Even the British are Coming: ASEAN and the Internationalization of the South China Sea

En route to the tense Indo-Pacific: F35B fighter jet lands on the UK aircraft carrier Queen Elizabeth during exercises in the Mediterranean (Credit: POPhot Jay Allen/UK Ministry of Defence)

On May 22, the British government sent one of its biggest and most powerful warships, the aircraft carrier Queen Elizabeth to the Indo-Pacific, in particular the South China Sea. The 65,000-ton warship is carrying about 30 aircraft, including 10 US Marine Corps F-35s and 250 US marines on top of its 1,700-strong crew in a sign of strength from the UK and its support for partners in the region.
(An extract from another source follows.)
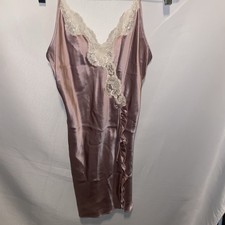 SATIN SHINY Mauve PURPLE VAL MODE BABYDOLL NIGHTGOWN GOWN Med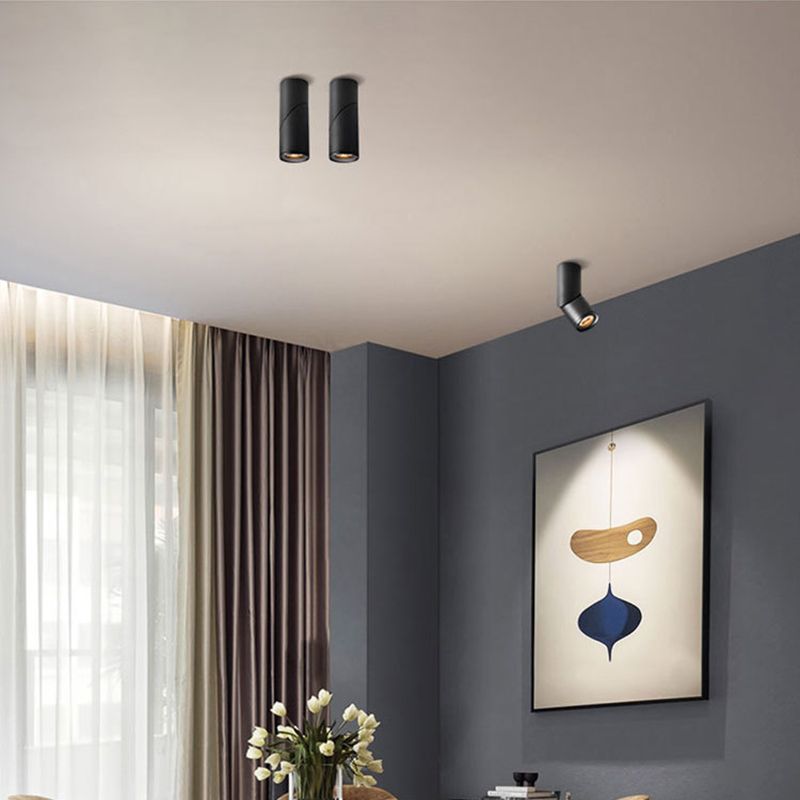 Vovak LED Rotating Flush Mount Spotlight, Black/White - Lumpaz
The Queen Elizabeth is accompanied by a carrier strike group comprising two destroyers, two anti-submarine frigates, two logistics ships and a nuclear submarine. Also joining the aircraft carrier on its 28-week Pacific deployment are a US destroyer and a Dutch frigate. The British fleet represents the largest international deployment of Royal Navy warships since the Falklands War in 1982. This follows tours of six UK warships in the Indo-Pacific between January 2018 and October 2020. In 2023, Britain plans to despatch a Littoral Response Group, which would include an amphibious assault ship and a team of commandos.

These deployments are part of the Global Britain policy, which Prime Minister Boris Johnson introduced earlier this year. The strategy is meant to underline the importance of the global presence – outside the European Union (EU) – of the United Kingdom, which is the current G7 chair. The naval missions also underscore the importance of the Asia Pacific, where the global economic center of gravity is located and where all key global strategic players including China have a presence.

Not their sovereign: US military personnel met Queen Elizabeth II when she toured the Royal Navy aircraft carrier just hours before the UK Carrier Strike Group set sail for the Pacific (Credit: POPhot Jay Allen/UK Ministry of Defence)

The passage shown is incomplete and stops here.